The movie starts with Uncle Charles (Peter Coyote) from the fourth movie trying to sell barrels of trioxin to some mobsters. For those who haven't seen the series, trioxin is the stuff that changes people into zombies. The deal goes bad, and Uncle Charles is killed. His nephew Julian (John Keefe) discovers more barrels of trioxin in his uncle's house after the funeral, and brings it to a science friend of his, Cody (Cory Hardrict), to analyze. Cody and his drug dealer friend aren't sure what it is, but they discover that the drug gets you higher than a kite, and they decide to make it into pill form and sell it. The drug circulates throughout campus fairly quickly, and the major zombie breakout coincides with the big rave being held on Halloween night.

The movie is plagued by the usual budget-movie woes: bad acting, illogical plot lines, and terrible dialog. The torture is somewhat relieved by decent makeup and the presence of two Interpol agents, I think a Russian agent and an Italian one, who are trying to track down the missing barrels of trioxin. I wish that these two actors had been in the movie more, since they could actually deliver lines and seemed to realize what kind of movie they were in. I also wish I could tell you who they were, but unfortunately I don't remember their characters' names.
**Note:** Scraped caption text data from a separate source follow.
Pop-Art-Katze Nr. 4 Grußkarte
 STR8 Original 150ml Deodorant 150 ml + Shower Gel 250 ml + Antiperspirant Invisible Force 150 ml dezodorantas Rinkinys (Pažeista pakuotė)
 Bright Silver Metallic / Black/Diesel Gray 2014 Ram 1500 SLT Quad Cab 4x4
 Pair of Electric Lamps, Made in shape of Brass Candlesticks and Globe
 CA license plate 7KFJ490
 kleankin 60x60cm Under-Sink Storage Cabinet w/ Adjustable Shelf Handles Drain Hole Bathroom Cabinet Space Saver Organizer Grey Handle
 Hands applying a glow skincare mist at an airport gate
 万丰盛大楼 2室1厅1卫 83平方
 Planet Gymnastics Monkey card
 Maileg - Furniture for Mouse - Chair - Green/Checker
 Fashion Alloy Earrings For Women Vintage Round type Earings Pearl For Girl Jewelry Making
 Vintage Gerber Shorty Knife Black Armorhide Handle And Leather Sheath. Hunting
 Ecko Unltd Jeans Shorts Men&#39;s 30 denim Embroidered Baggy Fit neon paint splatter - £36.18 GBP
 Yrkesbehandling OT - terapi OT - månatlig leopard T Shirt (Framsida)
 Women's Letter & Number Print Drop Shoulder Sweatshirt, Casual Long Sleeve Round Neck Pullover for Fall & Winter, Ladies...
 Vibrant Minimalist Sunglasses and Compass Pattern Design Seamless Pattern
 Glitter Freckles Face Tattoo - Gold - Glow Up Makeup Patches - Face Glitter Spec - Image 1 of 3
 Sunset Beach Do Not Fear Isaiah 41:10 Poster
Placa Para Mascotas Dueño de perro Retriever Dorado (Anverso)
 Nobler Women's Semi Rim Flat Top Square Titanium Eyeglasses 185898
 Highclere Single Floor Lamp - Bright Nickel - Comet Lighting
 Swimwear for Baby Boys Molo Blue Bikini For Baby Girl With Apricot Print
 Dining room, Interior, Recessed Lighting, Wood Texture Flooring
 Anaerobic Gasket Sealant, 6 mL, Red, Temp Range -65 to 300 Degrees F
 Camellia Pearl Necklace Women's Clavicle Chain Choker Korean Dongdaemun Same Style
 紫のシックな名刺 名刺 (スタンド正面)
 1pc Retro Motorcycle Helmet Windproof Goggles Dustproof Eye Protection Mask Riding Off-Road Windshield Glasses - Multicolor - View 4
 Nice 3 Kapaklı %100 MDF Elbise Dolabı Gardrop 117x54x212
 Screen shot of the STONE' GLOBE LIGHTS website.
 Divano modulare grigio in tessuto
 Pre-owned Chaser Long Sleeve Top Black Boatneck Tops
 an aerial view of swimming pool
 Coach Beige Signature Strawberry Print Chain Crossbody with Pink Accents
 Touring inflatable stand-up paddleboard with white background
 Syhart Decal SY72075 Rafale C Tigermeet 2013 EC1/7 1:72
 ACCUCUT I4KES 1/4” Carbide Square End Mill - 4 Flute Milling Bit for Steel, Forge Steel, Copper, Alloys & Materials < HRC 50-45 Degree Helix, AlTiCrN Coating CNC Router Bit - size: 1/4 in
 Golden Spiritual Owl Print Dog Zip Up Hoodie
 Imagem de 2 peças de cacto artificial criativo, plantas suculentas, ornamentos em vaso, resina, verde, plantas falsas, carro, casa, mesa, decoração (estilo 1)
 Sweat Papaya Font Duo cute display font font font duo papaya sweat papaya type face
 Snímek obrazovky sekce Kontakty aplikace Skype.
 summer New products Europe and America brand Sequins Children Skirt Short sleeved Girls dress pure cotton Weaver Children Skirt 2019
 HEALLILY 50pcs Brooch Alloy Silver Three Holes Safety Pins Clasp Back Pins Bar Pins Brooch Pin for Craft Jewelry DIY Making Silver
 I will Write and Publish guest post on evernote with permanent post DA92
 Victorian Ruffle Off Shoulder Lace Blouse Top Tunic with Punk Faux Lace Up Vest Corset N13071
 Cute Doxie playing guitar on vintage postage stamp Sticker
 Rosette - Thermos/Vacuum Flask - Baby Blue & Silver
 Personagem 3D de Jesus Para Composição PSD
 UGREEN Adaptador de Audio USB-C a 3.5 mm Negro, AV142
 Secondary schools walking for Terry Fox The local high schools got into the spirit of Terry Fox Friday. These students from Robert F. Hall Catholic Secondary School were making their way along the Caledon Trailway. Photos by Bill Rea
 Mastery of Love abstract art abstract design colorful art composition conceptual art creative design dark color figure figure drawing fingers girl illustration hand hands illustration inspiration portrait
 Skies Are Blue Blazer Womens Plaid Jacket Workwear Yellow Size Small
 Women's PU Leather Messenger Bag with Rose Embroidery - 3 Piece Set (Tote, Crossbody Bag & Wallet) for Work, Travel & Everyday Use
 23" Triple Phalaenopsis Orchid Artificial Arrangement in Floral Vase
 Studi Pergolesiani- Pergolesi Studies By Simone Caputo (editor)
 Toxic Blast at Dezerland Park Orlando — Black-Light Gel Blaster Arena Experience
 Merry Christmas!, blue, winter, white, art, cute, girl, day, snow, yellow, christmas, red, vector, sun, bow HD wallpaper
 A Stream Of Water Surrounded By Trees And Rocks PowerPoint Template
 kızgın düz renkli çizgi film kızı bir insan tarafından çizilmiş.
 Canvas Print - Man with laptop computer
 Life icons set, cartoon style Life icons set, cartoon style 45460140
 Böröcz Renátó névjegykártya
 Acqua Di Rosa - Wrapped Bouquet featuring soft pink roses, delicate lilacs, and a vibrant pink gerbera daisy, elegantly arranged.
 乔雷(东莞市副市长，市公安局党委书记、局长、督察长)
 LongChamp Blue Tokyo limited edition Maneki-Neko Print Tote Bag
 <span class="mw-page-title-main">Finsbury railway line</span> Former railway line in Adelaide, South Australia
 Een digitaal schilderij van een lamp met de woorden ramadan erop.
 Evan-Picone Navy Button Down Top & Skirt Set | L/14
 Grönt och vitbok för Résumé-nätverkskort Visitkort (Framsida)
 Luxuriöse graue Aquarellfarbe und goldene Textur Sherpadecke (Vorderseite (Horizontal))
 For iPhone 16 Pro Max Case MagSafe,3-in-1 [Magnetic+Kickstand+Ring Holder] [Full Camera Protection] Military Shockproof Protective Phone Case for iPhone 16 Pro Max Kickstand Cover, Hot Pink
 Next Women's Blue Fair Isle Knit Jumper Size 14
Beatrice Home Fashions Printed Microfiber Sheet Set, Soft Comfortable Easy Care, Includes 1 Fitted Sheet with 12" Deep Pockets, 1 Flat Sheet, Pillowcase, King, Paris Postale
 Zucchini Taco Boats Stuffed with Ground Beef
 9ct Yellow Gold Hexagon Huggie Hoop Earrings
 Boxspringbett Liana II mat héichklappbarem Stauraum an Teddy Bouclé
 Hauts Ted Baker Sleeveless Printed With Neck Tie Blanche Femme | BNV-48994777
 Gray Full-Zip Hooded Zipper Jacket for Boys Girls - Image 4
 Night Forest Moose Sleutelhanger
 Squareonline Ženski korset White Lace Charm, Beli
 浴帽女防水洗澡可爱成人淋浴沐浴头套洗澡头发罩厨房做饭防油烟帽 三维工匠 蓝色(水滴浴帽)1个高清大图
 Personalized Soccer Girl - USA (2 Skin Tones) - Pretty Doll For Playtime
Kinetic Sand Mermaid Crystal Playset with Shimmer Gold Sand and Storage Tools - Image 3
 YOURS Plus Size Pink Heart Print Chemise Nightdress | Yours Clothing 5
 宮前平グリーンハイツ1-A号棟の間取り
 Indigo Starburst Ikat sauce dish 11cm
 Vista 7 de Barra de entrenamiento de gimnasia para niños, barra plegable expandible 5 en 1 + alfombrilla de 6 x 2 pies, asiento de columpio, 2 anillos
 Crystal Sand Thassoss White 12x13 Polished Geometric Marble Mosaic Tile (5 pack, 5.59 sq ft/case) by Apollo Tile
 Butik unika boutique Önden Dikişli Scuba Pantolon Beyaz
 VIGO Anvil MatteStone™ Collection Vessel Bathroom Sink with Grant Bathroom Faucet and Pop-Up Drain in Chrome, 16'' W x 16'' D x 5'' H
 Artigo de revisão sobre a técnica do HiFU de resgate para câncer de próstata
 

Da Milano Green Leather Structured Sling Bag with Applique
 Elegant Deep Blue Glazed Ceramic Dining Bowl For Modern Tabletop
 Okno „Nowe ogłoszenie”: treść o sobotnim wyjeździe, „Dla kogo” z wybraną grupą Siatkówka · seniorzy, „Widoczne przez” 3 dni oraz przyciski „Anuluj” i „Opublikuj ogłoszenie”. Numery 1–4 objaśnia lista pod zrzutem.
The real tragedy is that this is connected to the first three movies of the series, and it has very little if anything of what made those movies entertaining. It lacks the wit and tongue-in-cheek attitude of the first two movies, nor does it have the personal drama of the third. For die-hard fans of the series, it also breaks some of the zombie laws established in the first two movies (so did The Return of the Living Dead 3, but there was basically only one very special zombie in that movie), so be forewarned. Zombies aren't killed in the same way, and in general don't seem to behave in the same way. This is basically someone cashing in on the franchise, not once, but twice, with minimal attention to continuity.